Wie sind die Reaktionen auf den Besuch und die Eröffnung der Moschee?

  • Die parteilose Oberbürgermeisterin Henriette Reker äußerte sich nicht zum Besuch Erdogans, betonte aber "stolz auf das großartige Gebäude der Zentralmoschee" zu sein. Sie wünsche sich, dass die Moschee "in Zukunft das Wahrzeichen für den Dialog zwischen den Menschen unterschiedlicher Religionszugehörigkeiten und Kulturen wird".
  • Der Staatsbesuch habe gezeigt, "dass die wechselseitigen Missverständnisse noch größer als gedacht sind", sagt CDU-Politiker Norbert Röttgen
  • Parteikollege und Unionsfraktionschef Ralph Brinkhaus kritisierte dagegen Ditib: "Es ist kein gutes Signal, wenn Ditib offenbar wenig Anstrengungen unternommen oder gar Bereitschaft gezeigt hat, die nordrhein-westfälische Landesregierung, die Oberbürgermeisterin von Köln oder selbst den Bezirksbürgermeister einzubeziehen."

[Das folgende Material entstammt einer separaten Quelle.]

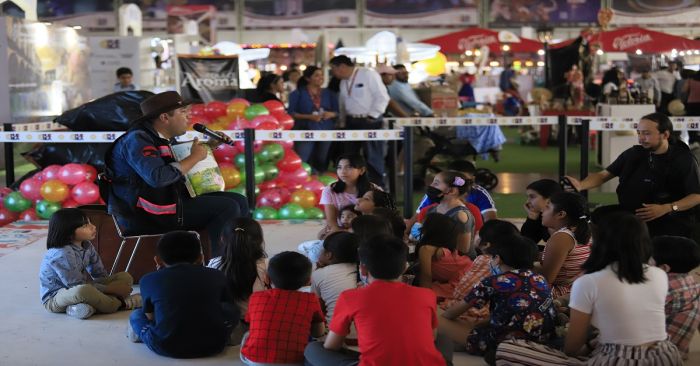 Celebran en Puebla el día del Niño en la Feria de Puebla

Kritik gibt es auch von der anderen Seite.

Am Freitag sagten Kölner Behörden eine vor der Moschee geplante Veranstaltung ab, weil der Moscheebetreiber Ditib kein angemessenes Sicherheitskonzept für die erwarteten Menschenmassen vorgestellt habe. "Das Ganze ist unschön, wo auf der anderen Seite die Türkei ständig wegen Beschneidung der Versammlungsfreiheit und anderem kritisiert wird", kommentierte der AKP-Abgeordnete Mustafa Yeneroglu die Absage.